El señor Harris dejó de silbar y se volvió.
—¿Qué? ¿Adónde?
—A la Granja del Perro Negro. La poli está allí…
—¿La poli? —dijo el señor Harris, al que de repente se le cambió la cara paternal y amistosa por la del ladrón egoísta a la que Wib estaba más acostumbrado—. ¿Estás seguro?
—¡Claro que sí…, les avisamos nosotros!
Wib no esperó una respuesta; conocía muy bien el carácter de su padre. Corrió con todas sus fuerzas hacia la cima de la colina y se dirigió hacia la calle principal. Si tenía suerte, Cyril estaría allí y podría esconderle. El señor Harris soltó la maleta y se precipitó hacia la colina detrás de su hijo.
En la Granja del Perro Negro, el policía Keogh hacía sonar su silbato frenéticamente. Con la ayuda del señor Belcher y del señor Noblock, consiguió apresar al corpulento señor Bootwick y ponerle las esposas. Llevaba veinte años esperando hacerlo.
El señor Jerem, dueño del Jorge y el Dragón, no tuvo ninguna dificultad para reducir al débil Stoopy. Eran ciento diez kilos contra setenta, y los brazos fuertes y grandes del señor Jerem, acostumbrados a levantar los pesados barriles de cerveza, le hicieron una llave que casi le retuerce la cabeza a Stoopy.
Arthur y Freddy se erigieron en improvisados comisarios y detuvieron al joven Ojos de Rana, que intentaba escabullirse por detrás de los establos.
Al otro lado de la colina, el señor Harris alcanzó a Wib y lo agarró fuertemente por la bufanda.

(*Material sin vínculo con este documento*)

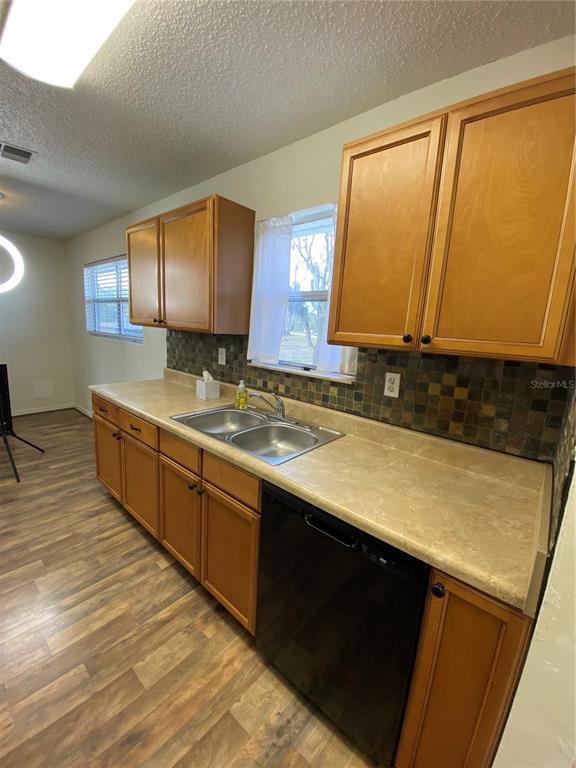 Building Photo - 14183 Pomona Ave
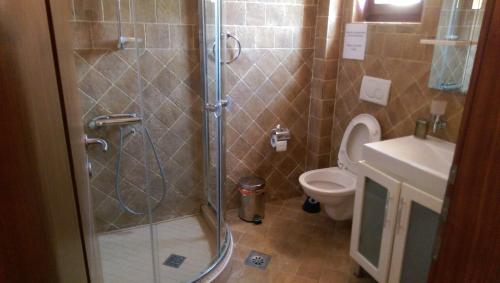 Ett badrum på Holiday House Villa Neda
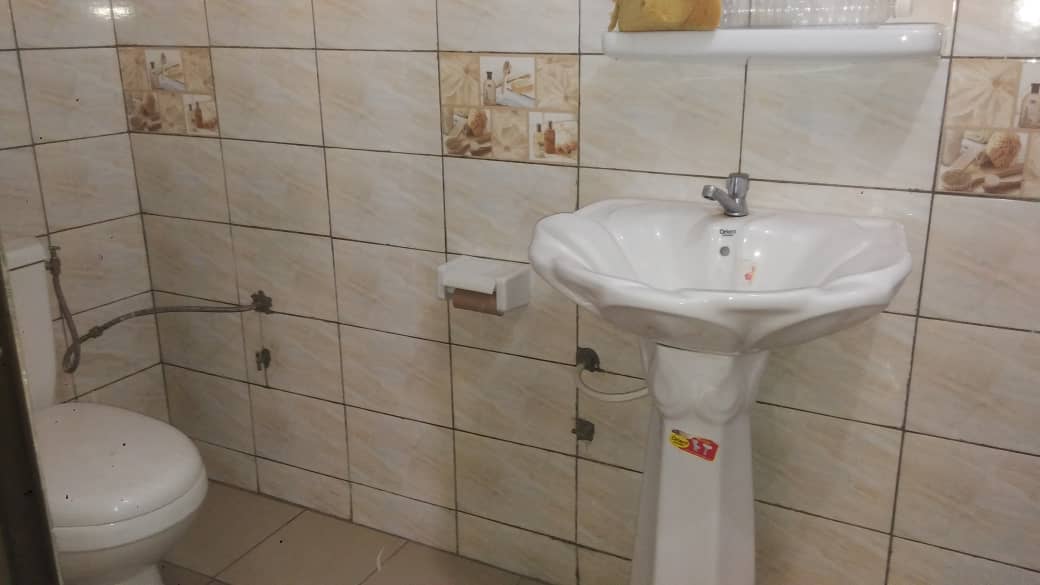 N° 4295 :
                            Appartement à louer , Agoe, Lome, Togo : 80 000 XOF/mois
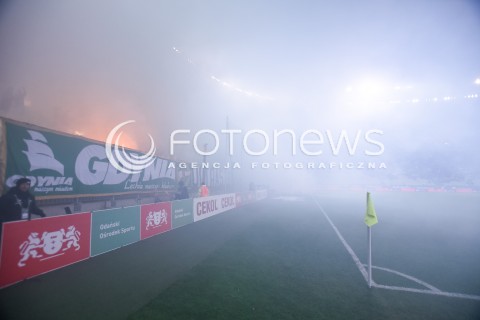  18.11.2017 GDANSK <br />PILKA NOZNA - EKSTRAKLASA SEZON 2017/2018<br />MECZ LECHIA GDANSK - WISLA PLOCK<br />N/Z KIBICE ODPALILI RACE NA STADIONIE<br /> 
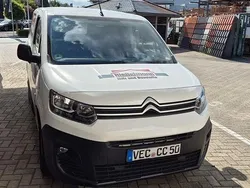 Weiß Gebraucht 2020 Citroën Berlingo Feel Van / Kleinbus | 12.400 € (Fairer Preis)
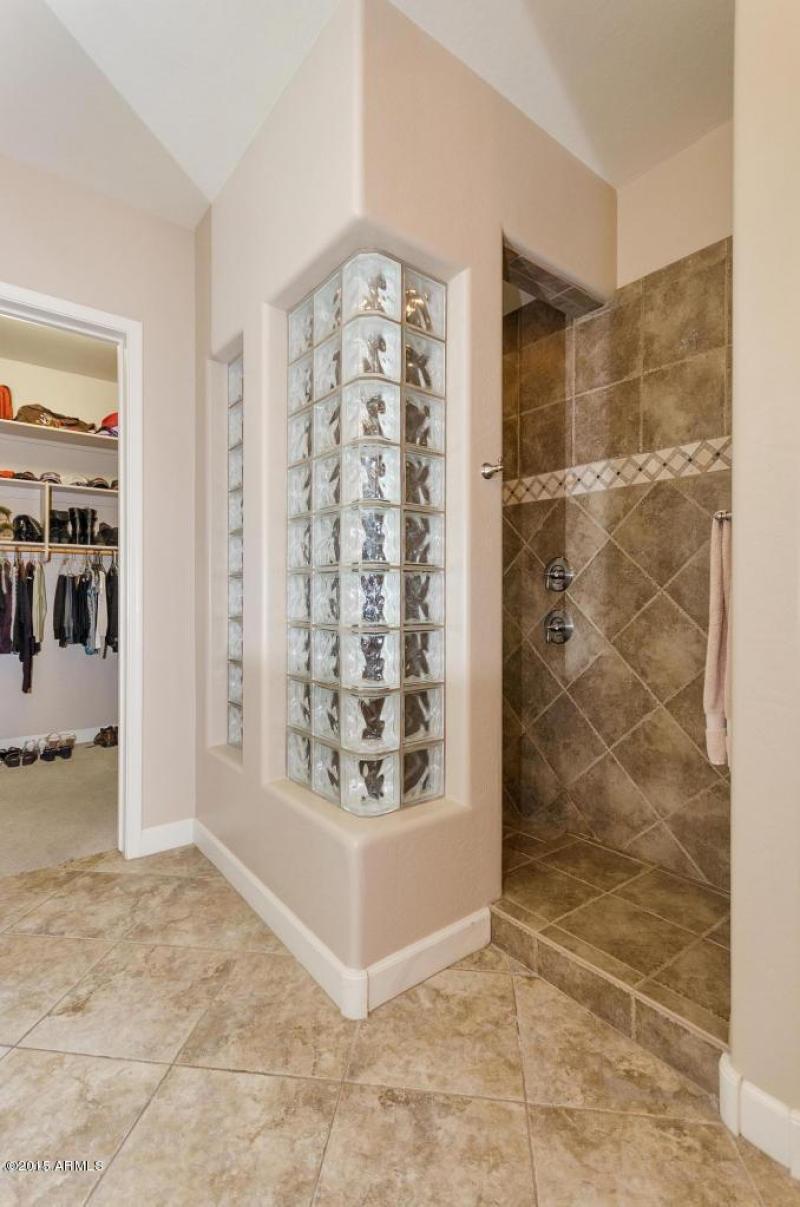 20140724191408058048000000-o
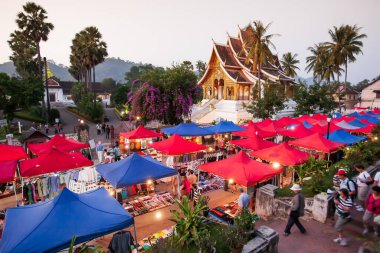 Luang Prabang, Laos - 3 Kasım 2011 Kraliyet Sarayı Müzesi yakınlarındaki renkli gece marketi. Luang Prabang.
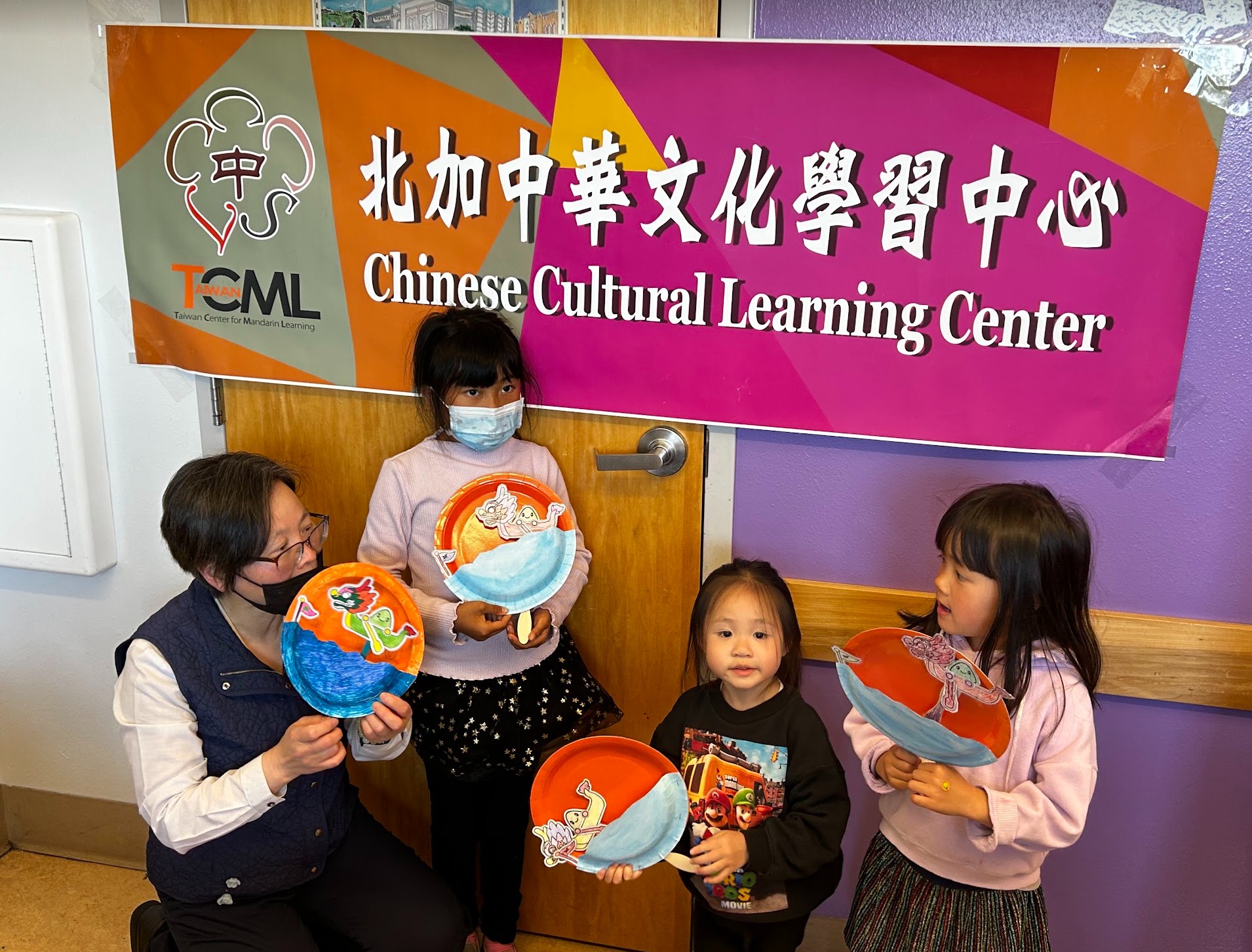 學生拿著自己親手做的紙扇非常有成就感，相信這會是他們珍貴的童年回憶！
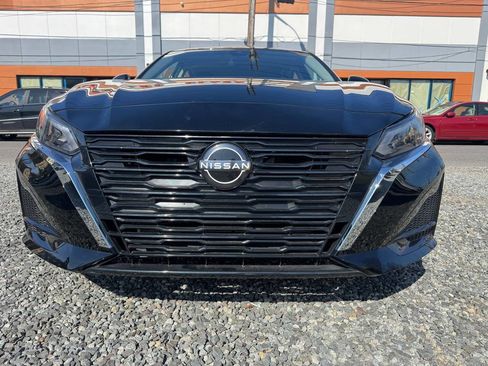 Used 2023 Nissan Altima 2.5 S image 2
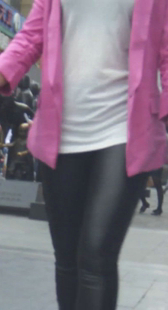 性感皮裤小靓妇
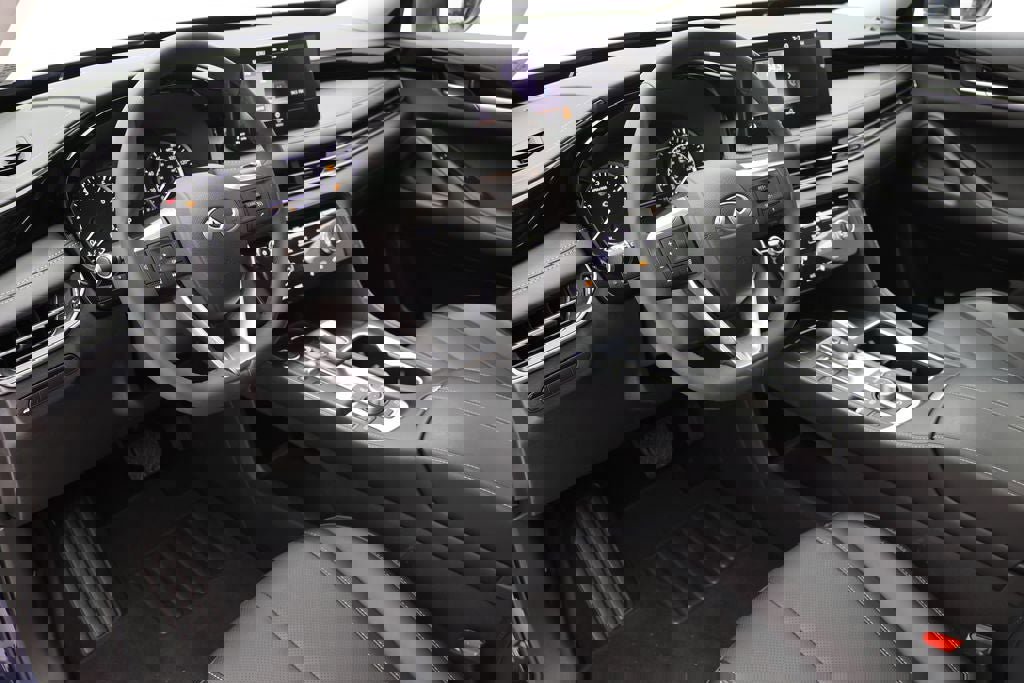 Used 2023 INFINITI QX60 Pure image 16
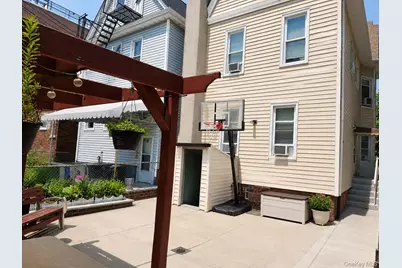 1044 41st, Brooklyn, NY 11219 - Photo 22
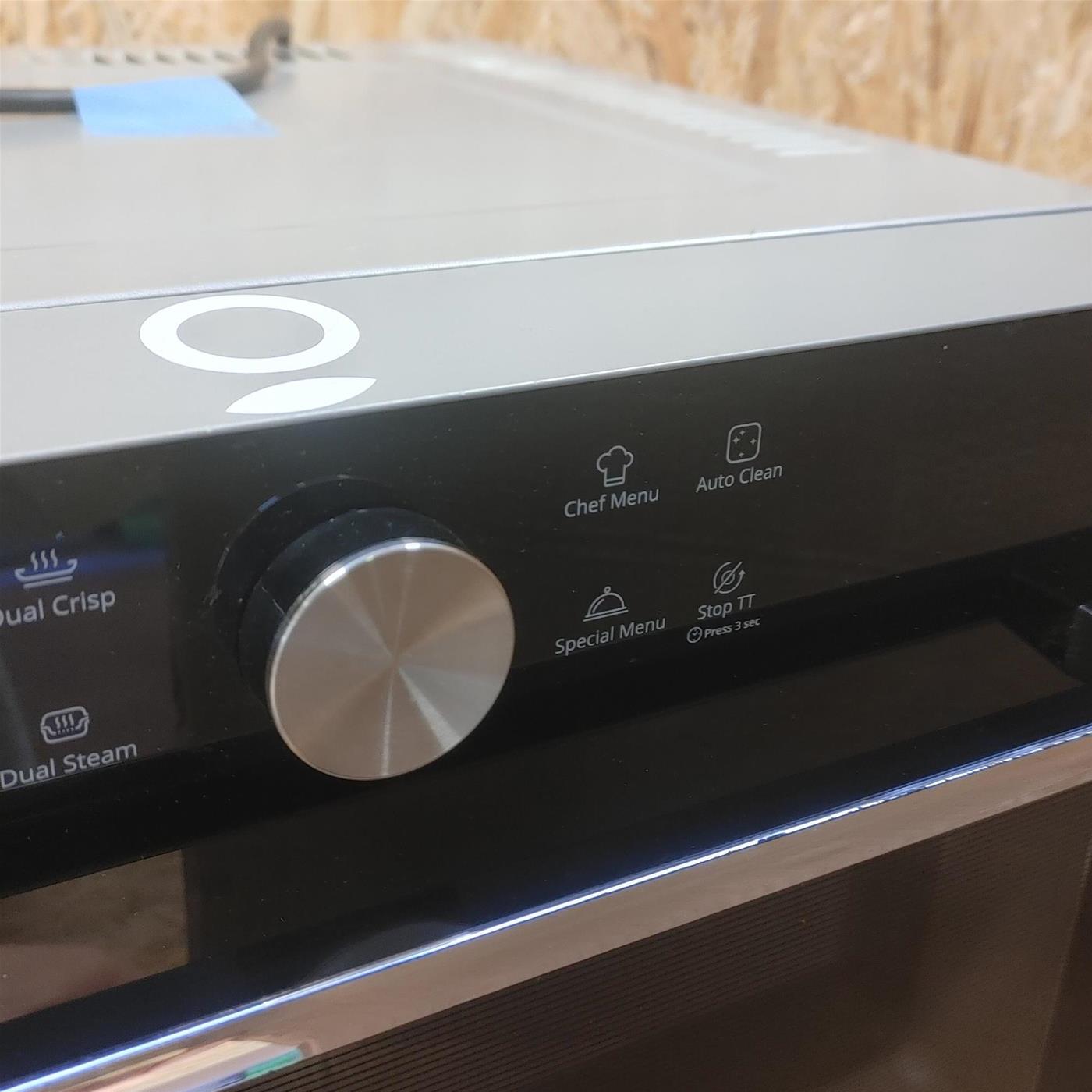 Whirlpool MWP 339 SB Forno a microonde combinato da appoggio 33 L 900 W Argento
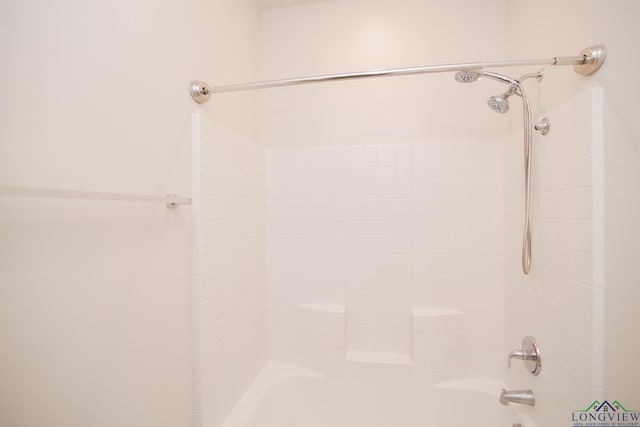 1146 Mission Creek Dr, Longview, TX 75601 - full bath featuring shower / washtub combination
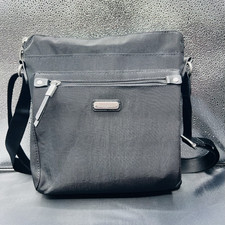 Baggallini Black Crossbody Shoulder Bag Adjustable Detachable Strap Zip Pockets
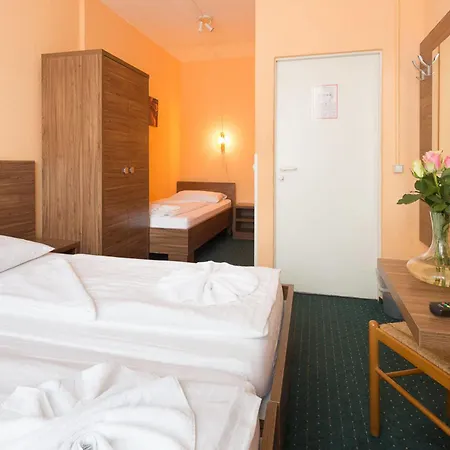 City-hotel Ansbach Am Kurfuerstendamm 3*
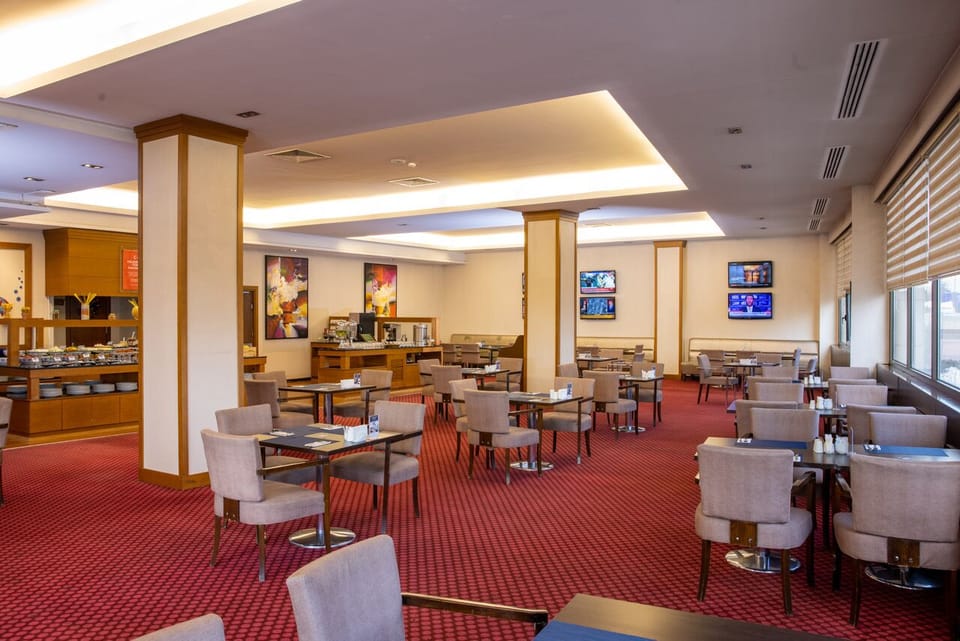 Daily buffet breakfast for a fee
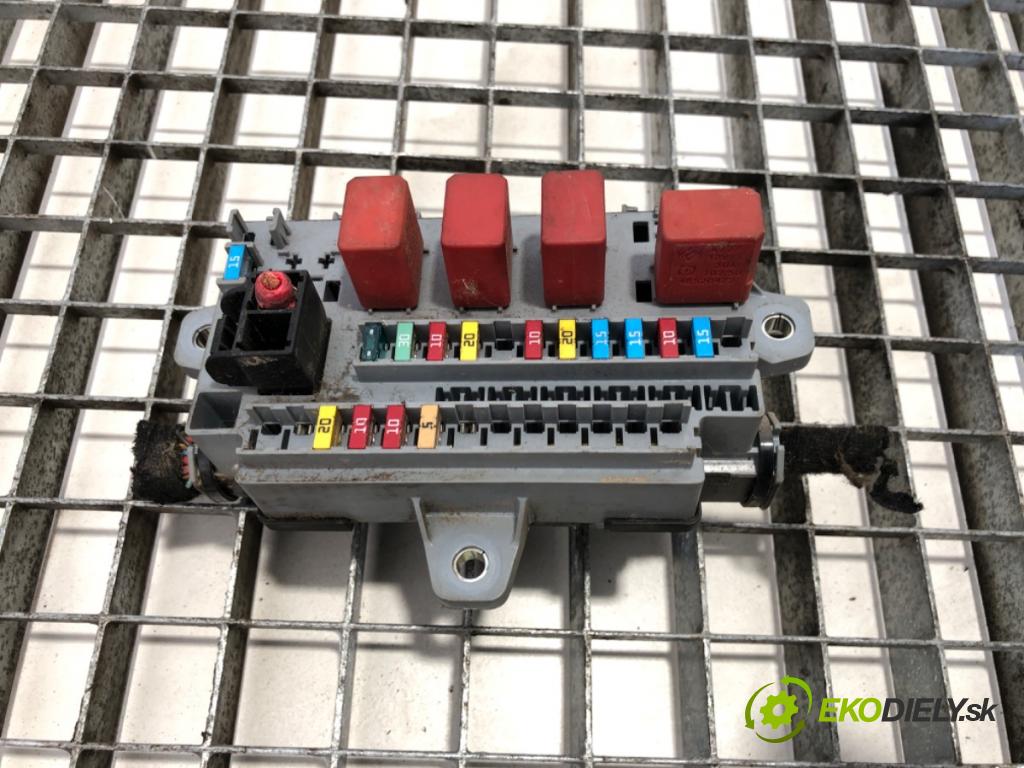 PEUGEOT BOXER I Autobus 2002 62 kW 2.0 HDi 1997 skříňka poistková  (Pojistková skříňka)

—Escúchame, Wib —el señor Harris, jadeante, trataba de recuperar el aliento—. Escúchame y entiéndelo bien. Te veré esta noche y recuerda que tienes que mantener la boca cerrada… si no, te acordarás de mí. ¿Has comprendido?
Wib asintió.
—¡Entonces, ni una palabra!
Wib asintió de nuevo y el señor Harris apretó un poco más la bufanda en torno a su cuello.
—¿Palabra de honor?
—¡Palabra de honor! —replicó Wib que hablaba en serio. El señor Harris volvió corriendo al sendero para retirar su maleta y se dirigió hacia la carretera principal de Devizes.
Wib se aflojó la bufanda y corrió hacia la Granja del Perro Negro, ansioso de contarle a Freddy todo lo referente a su encuentro. Pero sabía que no podía hacerlo. Era un secreto que no podía compartir ni siquiera con su hermano.